Earth Observation through Large Vision Models

45 minutes


Ever wondered how location planning is done to build city infrastructure? Or when there is a disaster, how do we determine the possible affected areas and send reinforcements there? We require overhead imagery for that, which we mainly obtain from satellites. European Space Agency has sent various satellites however, the dataset from these satellites is huge and may even contain multiple bands from the electromagnetic spectrum. Large AI models have a huge potential in this domain, if they are developed to work well with this dataset.
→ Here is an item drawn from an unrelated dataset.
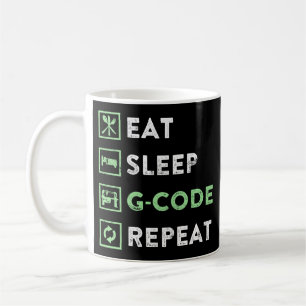 CNC Machinist Eat Sat-G-kod Upprepa Kaffemugg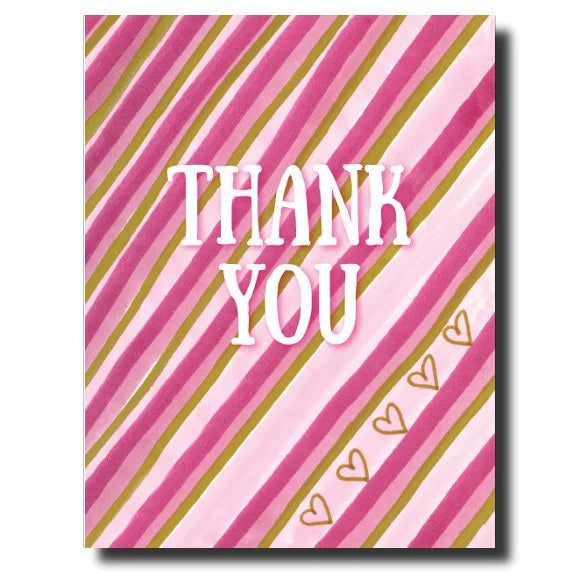 pink and gold thank you card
There are a lot of pre-trained Generative & Large Vision models on platforms like HuggingFace, Kaggle, etc., but these models do not integrate well with a specific domain like satellite datasets, hence the need to train or fine-tune them. In this talk, we are going to have a hands-on mini-tutorial in Python on how we can access open satellite datasets, fine-tune various Vision Models and Multimodals on it, and examine the following applications:

  • Identify what lies below the clouds in satellite imagery using the Generative Vision model.
  • Perform Zero-Shot object detection in satellite images with human language input using Multimodals.
  • Obtain high-resolution satellite imagery from lower resolution using the SuperResolution model.

The speaker

Mayank Khanduja

Mayank Khanduja

I’m a data scientist at Esri, where I apply computer vision and AI techniques to develop groundbreaking models for satellite and remote sensing datasets. My work unlocks valuable insights from geospatial imagery, for a deeper understanding of our planet.